§ Dataset excerpt:
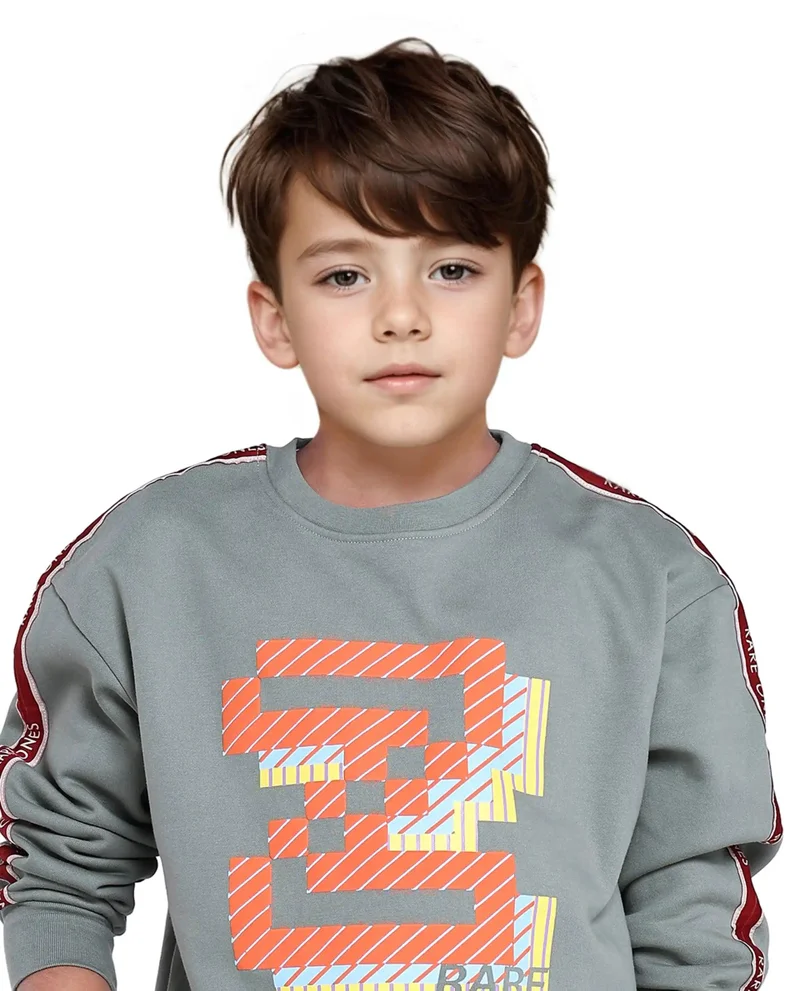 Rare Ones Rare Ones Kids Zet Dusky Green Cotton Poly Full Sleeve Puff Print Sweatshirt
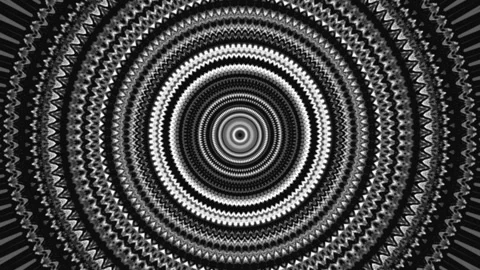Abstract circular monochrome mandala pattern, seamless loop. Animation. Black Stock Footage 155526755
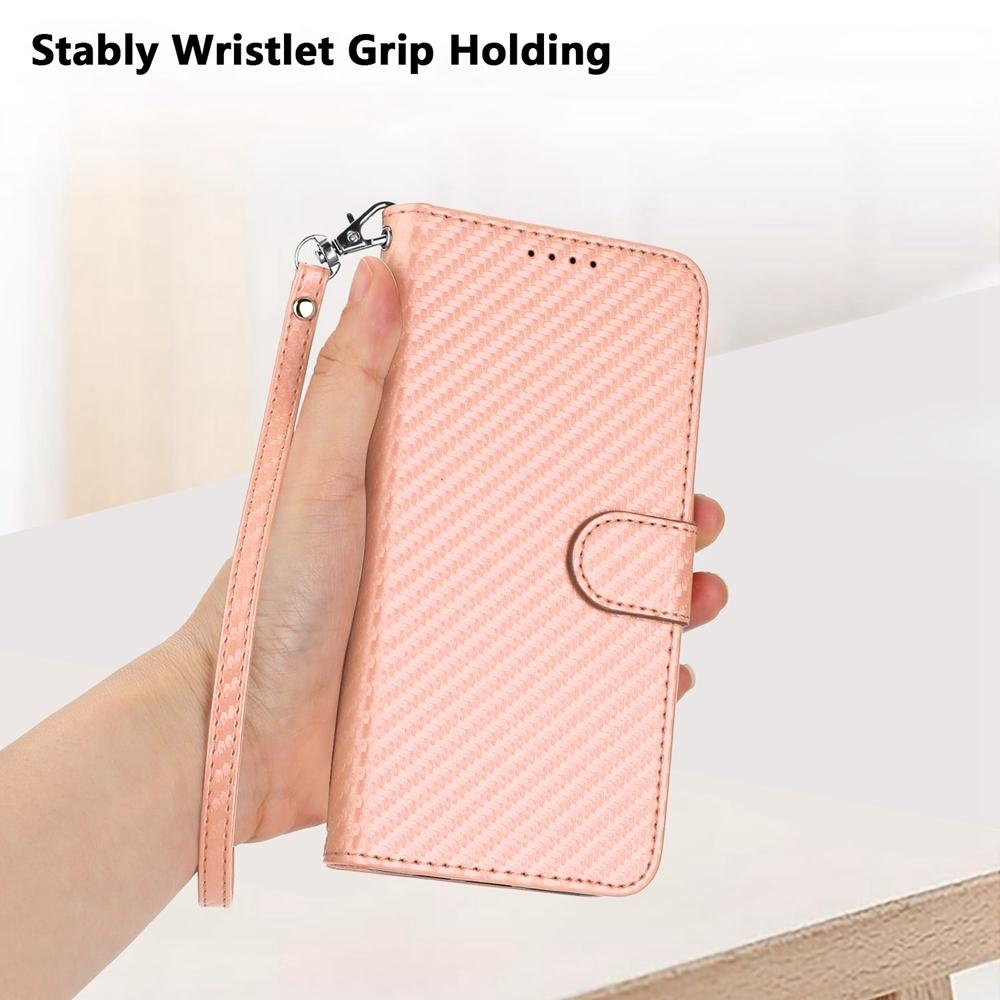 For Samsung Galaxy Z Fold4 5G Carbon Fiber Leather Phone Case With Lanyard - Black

§ Task brief:
Retype all of the listing word for word and skip the pictures.

§ Reply to the exercise:
 Rare Ones Rare Ones Kids Zet Dusky Green Cotton Poly Full Sleeve Puff Print Sweatshirt
Abstract circular monochrome mandala pattern, seamless loop. Animation. Black Stock Footage 155526755
 For Samsung Galaxy Z Fold4 5G Carbon Fiber Leather Phone Case With Lanyard - Black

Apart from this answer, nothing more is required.